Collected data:
┌──

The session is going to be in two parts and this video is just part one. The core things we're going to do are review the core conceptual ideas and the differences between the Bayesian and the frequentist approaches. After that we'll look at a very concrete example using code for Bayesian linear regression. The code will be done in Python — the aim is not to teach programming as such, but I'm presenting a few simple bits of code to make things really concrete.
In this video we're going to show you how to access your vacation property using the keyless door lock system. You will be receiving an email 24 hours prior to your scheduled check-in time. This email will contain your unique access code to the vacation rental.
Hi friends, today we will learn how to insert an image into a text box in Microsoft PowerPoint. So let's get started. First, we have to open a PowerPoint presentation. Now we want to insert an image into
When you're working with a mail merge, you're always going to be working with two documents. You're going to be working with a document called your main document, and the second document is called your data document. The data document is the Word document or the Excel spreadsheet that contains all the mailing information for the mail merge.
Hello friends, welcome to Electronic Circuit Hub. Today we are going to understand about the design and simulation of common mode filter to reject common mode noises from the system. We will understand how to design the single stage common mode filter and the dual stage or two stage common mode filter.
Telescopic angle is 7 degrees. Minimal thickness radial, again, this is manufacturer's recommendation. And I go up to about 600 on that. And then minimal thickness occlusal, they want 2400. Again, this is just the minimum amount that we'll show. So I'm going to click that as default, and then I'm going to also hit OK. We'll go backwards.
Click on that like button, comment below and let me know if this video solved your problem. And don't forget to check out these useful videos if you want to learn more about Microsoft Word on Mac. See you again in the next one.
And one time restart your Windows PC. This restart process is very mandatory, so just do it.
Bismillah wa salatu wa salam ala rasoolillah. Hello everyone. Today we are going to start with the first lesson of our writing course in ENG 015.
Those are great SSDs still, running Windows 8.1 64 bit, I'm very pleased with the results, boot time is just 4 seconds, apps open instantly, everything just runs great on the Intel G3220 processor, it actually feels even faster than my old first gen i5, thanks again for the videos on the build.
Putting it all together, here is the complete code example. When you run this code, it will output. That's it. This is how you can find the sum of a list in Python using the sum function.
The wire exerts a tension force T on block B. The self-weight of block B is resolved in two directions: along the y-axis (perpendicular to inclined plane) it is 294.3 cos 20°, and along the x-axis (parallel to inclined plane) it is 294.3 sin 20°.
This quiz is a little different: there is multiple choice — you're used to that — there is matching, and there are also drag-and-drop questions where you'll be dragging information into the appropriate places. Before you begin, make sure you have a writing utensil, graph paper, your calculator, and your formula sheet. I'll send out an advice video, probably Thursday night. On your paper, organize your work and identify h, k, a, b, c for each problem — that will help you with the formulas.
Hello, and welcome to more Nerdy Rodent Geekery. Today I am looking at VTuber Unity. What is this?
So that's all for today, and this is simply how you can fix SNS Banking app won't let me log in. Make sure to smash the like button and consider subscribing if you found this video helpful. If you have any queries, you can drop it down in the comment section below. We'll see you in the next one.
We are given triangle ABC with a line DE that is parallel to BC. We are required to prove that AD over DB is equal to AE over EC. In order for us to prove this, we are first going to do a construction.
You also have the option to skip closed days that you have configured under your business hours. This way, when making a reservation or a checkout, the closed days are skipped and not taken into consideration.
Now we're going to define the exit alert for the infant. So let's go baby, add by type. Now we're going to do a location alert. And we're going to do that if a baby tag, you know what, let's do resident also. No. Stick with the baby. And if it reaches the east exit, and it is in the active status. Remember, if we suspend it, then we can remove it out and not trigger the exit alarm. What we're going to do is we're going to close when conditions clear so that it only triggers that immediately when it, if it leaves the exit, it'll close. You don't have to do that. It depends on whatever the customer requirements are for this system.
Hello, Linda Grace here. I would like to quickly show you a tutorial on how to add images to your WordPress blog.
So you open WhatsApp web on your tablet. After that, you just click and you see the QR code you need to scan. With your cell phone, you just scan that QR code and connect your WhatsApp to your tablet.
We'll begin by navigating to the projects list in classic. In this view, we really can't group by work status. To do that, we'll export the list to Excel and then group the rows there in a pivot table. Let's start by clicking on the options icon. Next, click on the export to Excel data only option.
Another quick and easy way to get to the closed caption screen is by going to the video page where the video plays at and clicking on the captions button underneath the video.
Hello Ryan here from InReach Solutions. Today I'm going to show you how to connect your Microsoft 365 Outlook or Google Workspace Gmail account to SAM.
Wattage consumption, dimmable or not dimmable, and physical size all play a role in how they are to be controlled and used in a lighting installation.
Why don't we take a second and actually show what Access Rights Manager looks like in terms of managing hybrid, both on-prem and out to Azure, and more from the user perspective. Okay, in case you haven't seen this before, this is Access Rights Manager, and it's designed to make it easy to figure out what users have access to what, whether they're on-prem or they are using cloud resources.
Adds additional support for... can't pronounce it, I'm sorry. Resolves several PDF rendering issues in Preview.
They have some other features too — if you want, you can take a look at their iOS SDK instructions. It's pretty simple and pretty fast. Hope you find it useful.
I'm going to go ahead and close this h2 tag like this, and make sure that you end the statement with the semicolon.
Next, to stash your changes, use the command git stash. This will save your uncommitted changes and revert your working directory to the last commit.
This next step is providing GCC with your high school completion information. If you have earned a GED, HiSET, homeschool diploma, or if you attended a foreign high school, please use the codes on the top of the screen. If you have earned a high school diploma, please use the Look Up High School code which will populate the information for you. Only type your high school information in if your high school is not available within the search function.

└──

### WORK INSTRUCTIONS
Output only the lines from the one that contains "We'll begin by" through the last line of the data above, each restated exactly.

### WRITTEN REPLY
We'll begin by navigating to the projects list in classic. In this view, we really can't group by work status. To do that, we'll export the list to Excel and then group the rows there in a pivot table. Let's start by clicking on the options icon. Next, click on the export to Excel data only option.
Another quick and easy way to get to the closed caption screen is by going to the video page where the video plays at and clicking on the captions button underneath the video.
Hello Ryan here from InReach Solutions. Today I'm going to show you how to connect your Microsoft 365 Outlook or Google Workspace Gmail account to SAM.
Wattage consumption, dimmable or not dimmable, and physical size all play a role in how they are to be controlled and used in a lighting installation.
Why don't we take a second and actually show what Access Rights Manager looks like in terms of managing hybrid, both on-prem and out to Azure, and more from the user perspective. Okay, in case you haven't seen this before, this is Access Rights Manager, and it's designed to make it easy to figure out what users have access to what, whether they're on-prem or they are using cloud resources.
Adds additional support for... can't pronounce it, I'm sorry. Resolves several PDF rendering issues in Preview.
They have some other features too — if you want, you can take a look at their iOS SDK instructions. It's pretty simple and pretty fast. Hope you find it useful.
I'm going to go ahead and close this h2 tag like this, and make sure that you end the statement with the semicolon.
Next, to stash your changes, use the command git stash. This will save your uncommitted changes and revert your working directory to the last commit.
This next step is providing GCC with your high school completion information. If you have earned a GED, HiSET, homeschool diploma, or if you attended a foreign high school, please use the codes on the top of the screen. If you have earned a high school diploma, please use the Look Up High School code which will populate the information for you. Only type your high school information in if your high school is not available within the search function.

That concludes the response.